# A dive into chess dataset
##### Welcome! In this notebook, I explored how I would start creating a model that plays chess. Along the way, I learned a lot about handling the dataset before diving into the actual modeling process.

1. PGN Format
    Past chess games are stored in a file format known as PGN (Portable Game Notation). To interact with this data by making moves and recording them, I installed the chess Python library. Think of each move as manipulating the game in object format. By calling functions like move, we can observe how the board evolves after each action and capture this data for analysis.

2. Data Representation
    To work with this data, we represent the chess board using numbers. Each piece is assigned a unique value to indicate its position on the board, while the empty squares are also represented numerically.

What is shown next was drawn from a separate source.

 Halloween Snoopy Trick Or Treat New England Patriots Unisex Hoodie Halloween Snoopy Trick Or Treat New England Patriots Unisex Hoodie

##### This project opened my eyes to how innovative and exciting data handling can be, especially when applied to something as strategic as chess!

In [1]:
!pip install chess
!pip install memory_profiler
import chess.pgn

# collecting the chess data in pgn formats

%time pgn=open("chess_data.pgn")
game=chess.pgn.read_game(pgn)
board=game.board()


CPU times: total: 0 ns
Wall time: 36.7 ms


##### Here we map out the pieces to values

In [2]:
def piece_value(piece):
    piece_values={'p':1,'n':3,'b':4,'r':5,'q':9,'k':0}
    return piece_values[piece.lower()]

##### function to iterate through every spot on the board to assign the values to the pieces and ultimately represent the board numerically

In [3]:
def extract_features(board):
    pieces=str(board).split()
    features=[]

    for row in pieces:
        for piece in row:
            row_features=[]
            if piece=='.' :
                row_features.append(0)
            elif piece.islower():
                row_features.append(-piece_value(piece))
            else:
                row_features.append(piece_value(piece))
            features.append(row_features)
    return features

##### Extracting the Features: Data Processing

Processing the dataset using the above functions can be quite demanding due to its size—over 5 million records. This would require significant time and computational resources. To manage this, I explored alternatives like batch processing or multiprocessing.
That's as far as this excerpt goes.